Using home price data from CoreLogic, NAHB estimated that 62.8 percent of homes sold at the national median price were affordable to families earning the U.S. median income of $63,900. That figure was up 1 percentage point from the third quarter.
Much of that increase can be attributed to a slide in the national median home price, which fell more than $5,000 to $215,000 in Q4. Meanwhile, the average mortgage interest rate (as reported by the Federal Housing Finance Agency) slipped to 4.29 percent from 4.35 percent in Q3.
Arriving days after the group reported a decline in homebuilder confidence for February, the increase may come as welcome news for builders concerned about current buyer activity levels.
"This upturn in affordability for the final quarter of 2014 is a positive development and is in line with what we are hearing from builders in the field that more prospective buyers are starting to move forward in the marketplace," said NAHB Chairman Tom Woods.
In the year ahead, the association expects to see more affordable prices and continued improvements in the job market, which is anticipated to release pent-up demand from buyers holding back because of cost.
Syracuse, New York, took the title of nation's most affordable major housing market in Q4, with more than nine in ten homes—both new and existing—deemed affordable to families earning the local median income of $67,700.
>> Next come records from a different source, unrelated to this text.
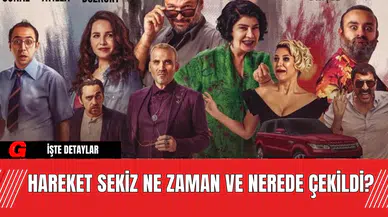 Hareket Sekiz Ne Zaman ve Nerede Çekildi?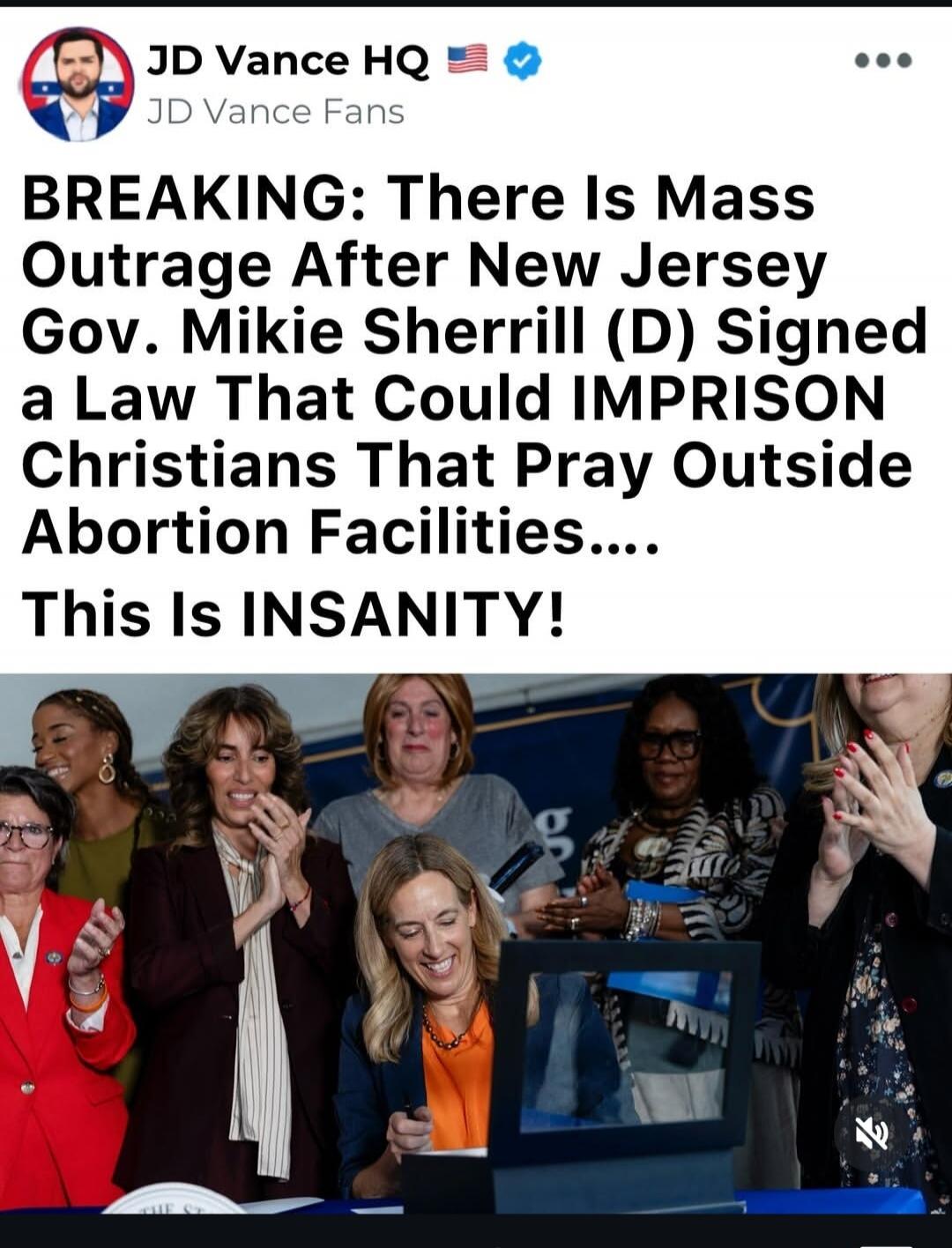 JD Vance HQ JD Vance Fans BREAKING: There Is Mass Outrage After New Jersey Gov. Mikie Sherrill (D) Signed a Law That Could IMPRISON Christians That Pray Outside Abortion Facilities.... This Is INSANITY!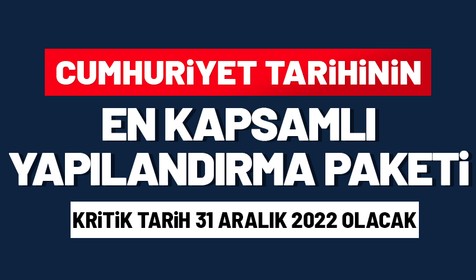 Cumhuriyet tarihinin en kapsamlı yapılandırma paketi geliyor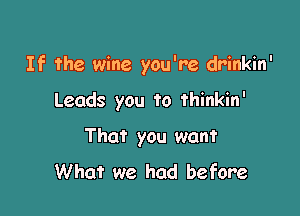 If the wine you're drinkin'

Leads you to thinkin'
That you want
What we had before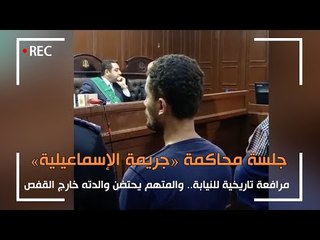 جلسة محاكمة «جريمة الإسماعيلية»: مرافعة تاريخية للنيابة.. والمتهم يحتضن والدته خارج القفص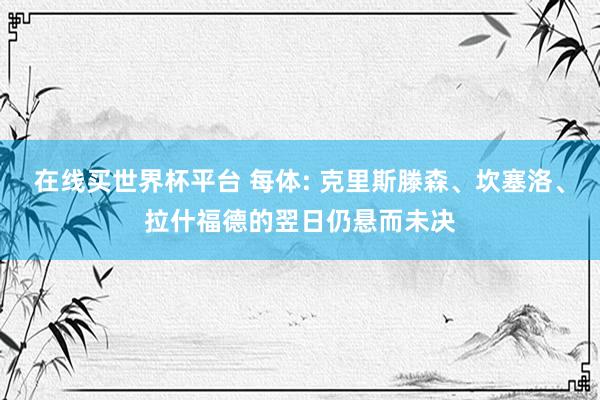 在线买世界杯平台 每体: 克里斯滕森、坎塞洛、拉什福德的翌日仍悬而未决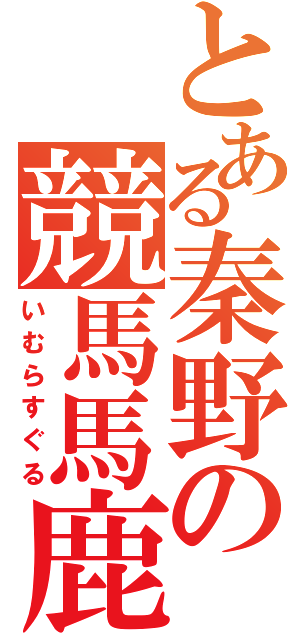 とある秦野の競馬馬鹿（いむらすぐる）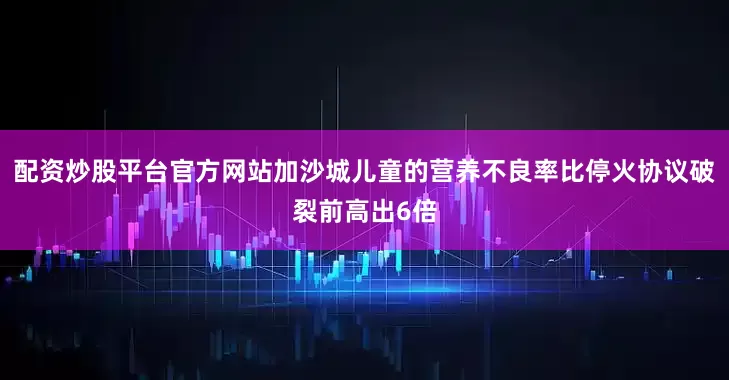 配资炒股平台官方网站加沙城儿童的营养不良率比停火协议破裂前高出6倍
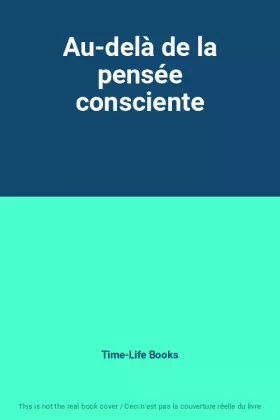 Couverture du produit · Au-delà de la pensée consciente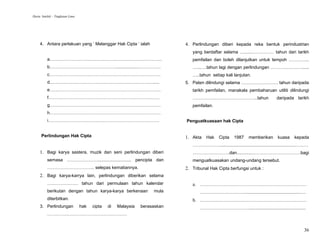 Harta Intelek – Tingkatan Lima




     4. Antara perlakuan yang ‘ Melanggar Hak Cipta ‘ ialah                 4. Perlindungan diberi kepada reka bentuk perindustrian
                                                                               yang berdaftar selama …......…………… tahun dari tarikh
          a.…………………………………………………………………                                          pemfailan dan boleh dilanjutkan untuk tempoh …………..
          b………………………………………..................……………                              …...….tahun lagi dengan perlindungan …………………......
          c…………………………………………………………………                                           …..tahun setiap kali lanjutan.
          d……………………………………………………………......                                    5. Paten dilindungi selama ……………………. tahun daripada
          e…………………………………………………………………                                           tarikh pemfailan, manakala pembaharuan utiliti dilindungi
          f…………………………………………………………………                                           ……………………………………..tahun                             daripada tarikh
          g…………………………………………………………………                                           pemfailan.
          h…………………………………………………………………
          i…………………………………………………………………                                        Penguatkuasaan hak Cipta


      Perlindungan Hak Cipta                                                1. Akta Hak Cipta 1987 memberikan kuasa kepada
                                                                               ……………….............................................................………
     1. Bagi karya sastera, muzik dan seni perlindungan diberi                 …………………….dan............……………………………bagi
          semasa …………………........................... pencipta dan               menguatkuasakan undang-undang tersebut.
          ………………………….. selepas kematiannya.                                 2. Tribunal Hak Cipta berfungsi untuk :
     2. Bagi karya-karrya lain, perlindungan diberikan selama
          ………………… tahun dari permulaan tahun kalendar                          a. ………………………………………………………………
          berikutan dengan tahun karya-karya berkenaan              mula           ………………………….............................................….
          diterbitkan.                                                         b. ………………………………………………………………
     3. Perlindungan             hak   cipta   di   Malaysia   berasaskan          ……………………………..............................................
          ………………………………………………


                                                                                                                                                  36
 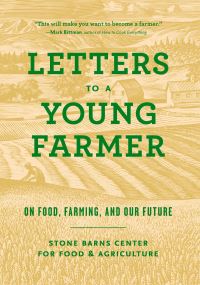 Book Cover for Letters to a Young Farmer by Stone Barns Center for Food and Agriculture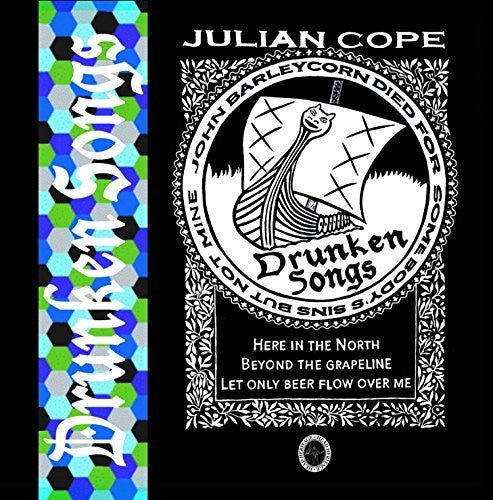 Cope, Julian: Drunken Songs
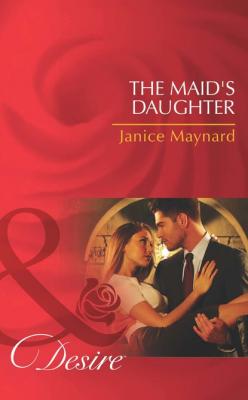 The Maid's Daughter - Janice  Maynard 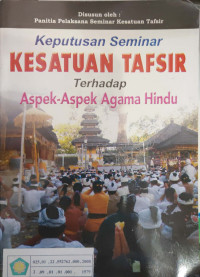 Keputusan seminar kesatuan tafsir terhadap aspek - aspek Agama Hindu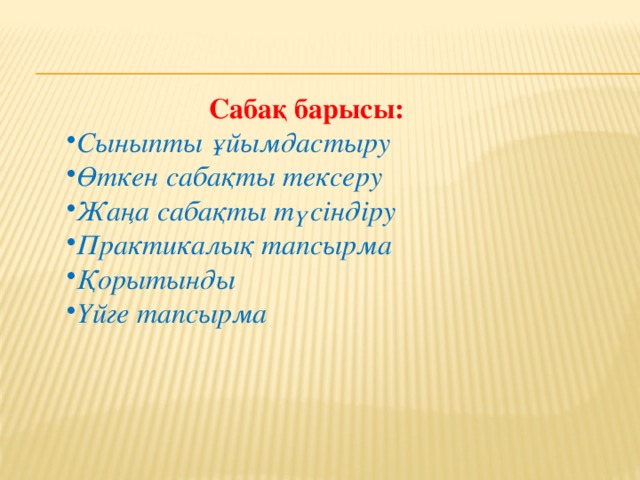 Сабақ барысы:  Сыныпты ұйымдастыру Өткен сабақты тексеру Жаңа сабақты түсіндіру Практикалық тапсырма Қорытынды Үйге тапсырма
The other top markets for affordability were concentrated in the Midwest, including Akron, Ohio; Dayton, Ohio; Harrisburg-Carlisle, Pennsylvania; and Scranton-Wilkes-Barre, Pennsylvania.
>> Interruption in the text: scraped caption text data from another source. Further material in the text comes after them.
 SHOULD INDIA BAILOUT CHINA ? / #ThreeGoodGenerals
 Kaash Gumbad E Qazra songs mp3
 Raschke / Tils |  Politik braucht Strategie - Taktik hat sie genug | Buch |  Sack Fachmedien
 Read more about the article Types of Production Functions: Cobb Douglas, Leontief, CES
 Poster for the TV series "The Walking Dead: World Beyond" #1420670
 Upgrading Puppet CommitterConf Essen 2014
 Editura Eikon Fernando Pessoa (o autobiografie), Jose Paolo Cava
Among smaller markets, Cumberland, Maryland-West Virginia, topped the affordability charts, with 96.2 percent of homes sold last quarter falling within the affordability range for the median household income of $54,100.
At the other end of the scale, California's San Francisco-San Mateo-Redwood City was declared the country's least affordable major housing market for the ninth consecutive quarter. Just 11.1 percent of homes sold in Q4 were affordable to families earning the area's six-figure median income: $100,400.
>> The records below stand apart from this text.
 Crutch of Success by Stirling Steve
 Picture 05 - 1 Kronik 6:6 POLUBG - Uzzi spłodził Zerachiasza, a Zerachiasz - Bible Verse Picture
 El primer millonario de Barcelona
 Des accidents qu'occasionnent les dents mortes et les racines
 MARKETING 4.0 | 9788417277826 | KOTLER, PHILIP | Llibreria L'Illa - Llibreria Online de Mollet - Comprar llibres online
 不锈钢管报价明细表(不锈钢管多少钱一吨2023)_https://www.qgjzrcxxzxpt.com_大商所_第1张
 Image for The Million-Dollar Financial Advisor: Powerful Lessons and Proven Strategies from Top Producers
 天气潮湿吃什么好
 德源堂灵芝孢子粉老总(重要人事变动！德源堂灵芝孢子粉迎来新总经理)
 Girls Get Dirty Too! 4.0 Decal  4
San Francisco was joined at the bottom by Los Angeles-Long Beach-Glendale, Santa Ana-Anaheim-Irvine, San Jose-Sunnyvale-Santa Clara, and New York-White Plains-Wayne—the last of which was the only non-California market to rank in the bottom five.
Looking at smaller markets, all five least affordable areas were in the Golden State, with Napa taking the bottom spot (with only 12 percent of sold homes being affordable for a median household income of $70,300). Other small markets included Santa-Cruz Watsonville, Salinas, Santa Rose-Petaluma, and San Luis Obispo-Paso Robles.